§ **The problem**: Repeat the records below word for word and omit each image.

§ **Task input**:
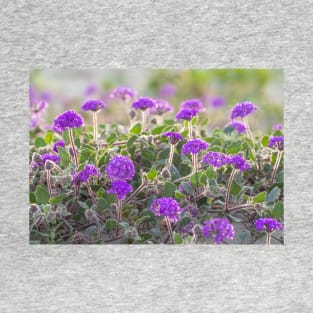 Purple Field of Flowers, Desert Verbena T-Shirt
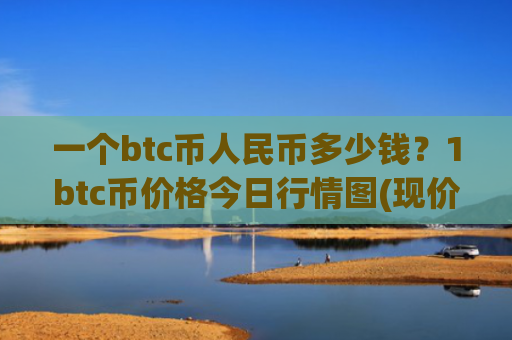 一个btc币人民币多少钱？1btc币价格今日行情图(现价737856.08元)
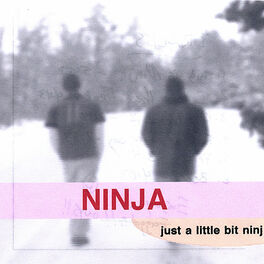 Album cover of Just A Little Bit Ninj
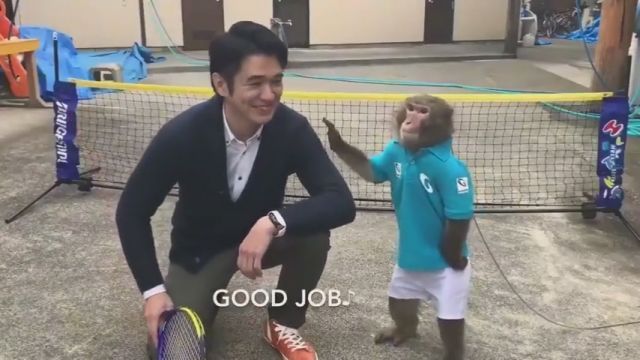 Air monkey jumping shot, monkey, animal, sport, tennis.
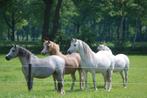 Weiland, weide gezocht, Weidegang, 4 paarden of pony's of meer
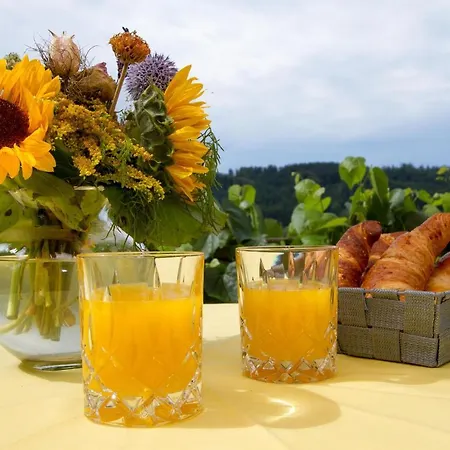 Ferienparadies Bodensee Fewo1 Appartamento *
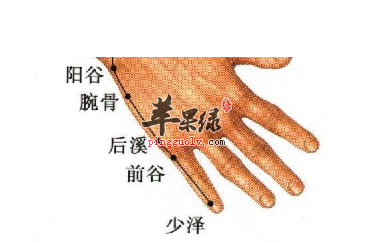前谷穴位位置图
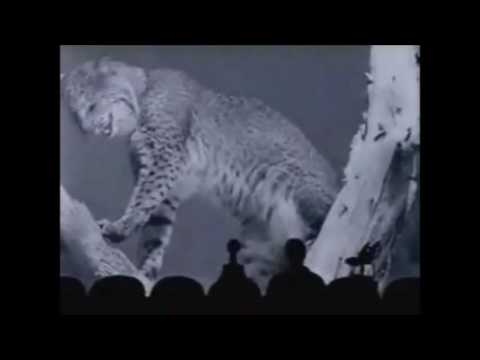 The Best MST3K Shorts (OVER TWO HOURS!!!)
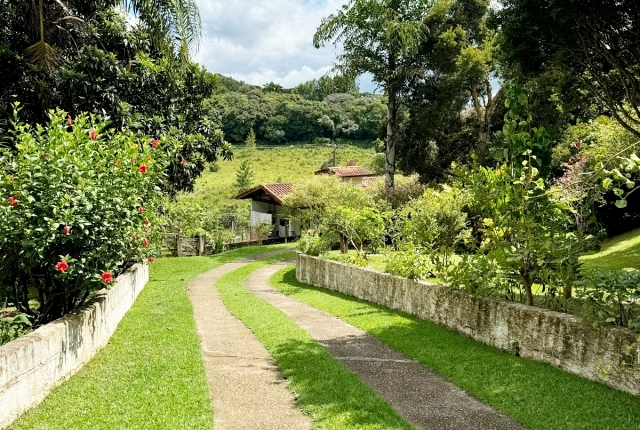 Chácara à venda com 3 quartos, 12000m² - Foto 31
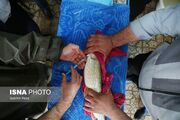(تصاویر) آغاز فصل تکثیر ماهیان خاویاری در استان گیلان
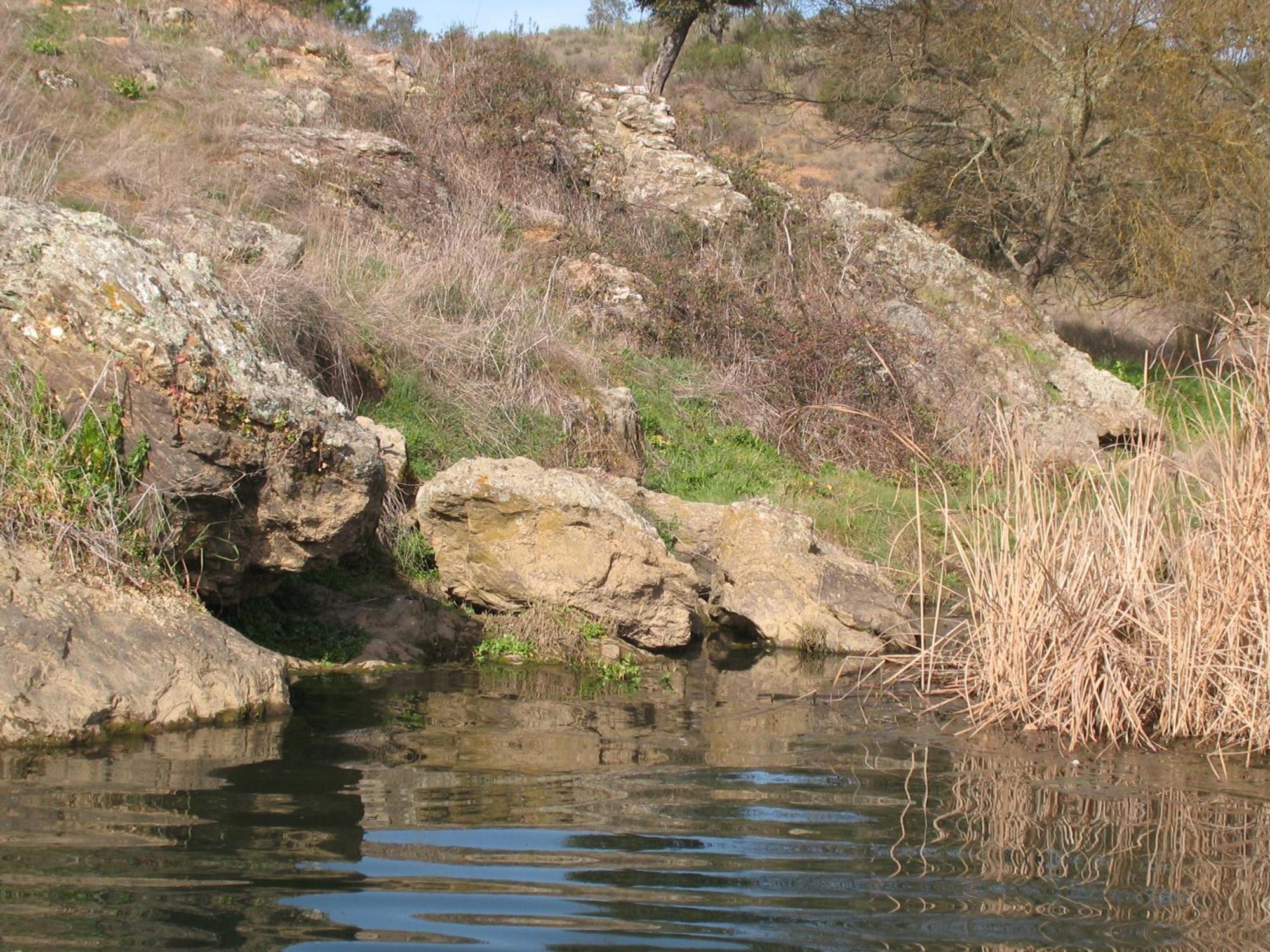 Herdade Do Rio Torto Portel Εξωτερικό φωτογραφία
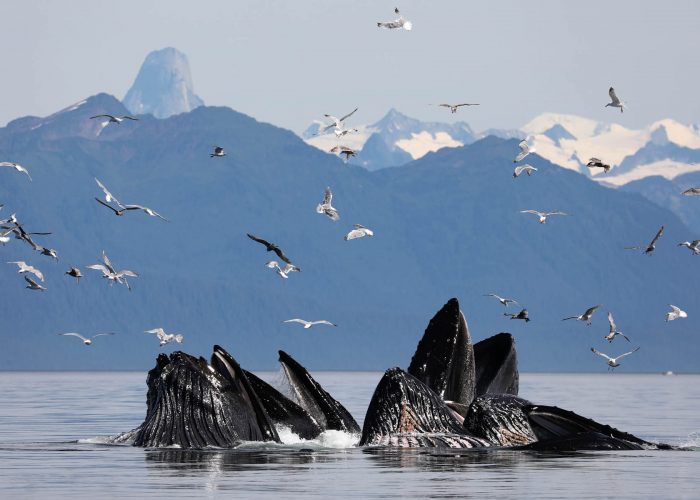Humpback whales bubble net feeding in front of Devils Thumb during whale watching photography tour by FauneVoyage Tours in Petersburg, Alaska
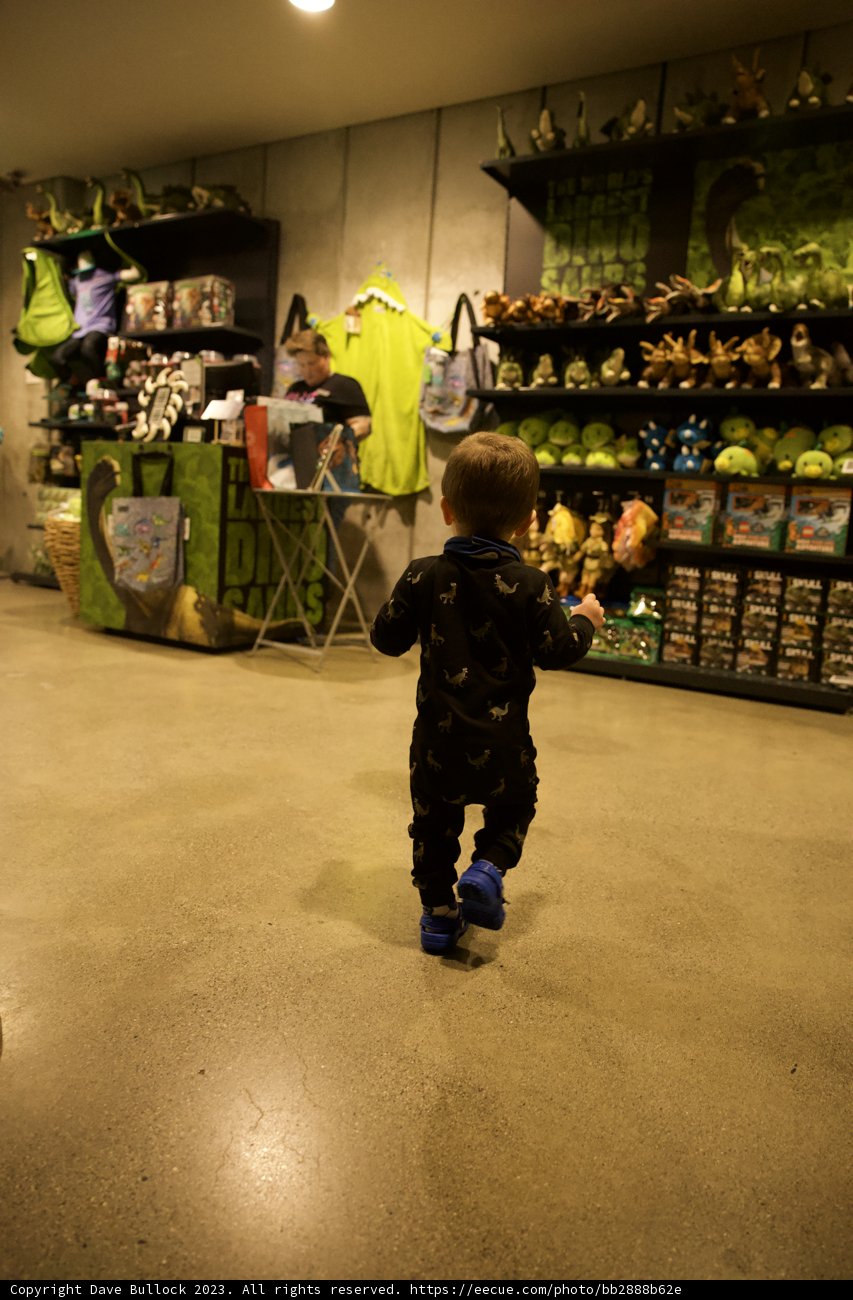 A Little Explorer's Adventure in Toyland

§ **Exercise result**:
 Purple Field of Flowers, Desert Verbena T-Shirt
 一个btc币人民币多少钱？1btc币价格今日行情图(现价737856.08元)
 Album cover of Just A Little Bit Ninj
 Air monkey jumping shot, monkey, animal, sport, tennis.
 Weiland, weide gezocht, Weidegang, 4 paarden of pony's of meer
 Ferienparadies Bodensee Fewo1 Appartamento *
前谷穴位位置图
 The Best MST3K Shorts (OVER TWO HOURS!!!)
 Chácara à venda com 3 quartos, 12000m² - Foto 31
(تصاویر) آغاز فصل تکثیر ماهیان خاویاری در استان گیلان
 Herdade Do Rio Torto Portel Εξωτερικό φωτογραφία
Humpback whales bubble net feeding in front of Devils Thumb during whale watching photography tour by FauneVoyage Tours in Petersburg, Alaska
 A Little Explorer's Adventure in Toyland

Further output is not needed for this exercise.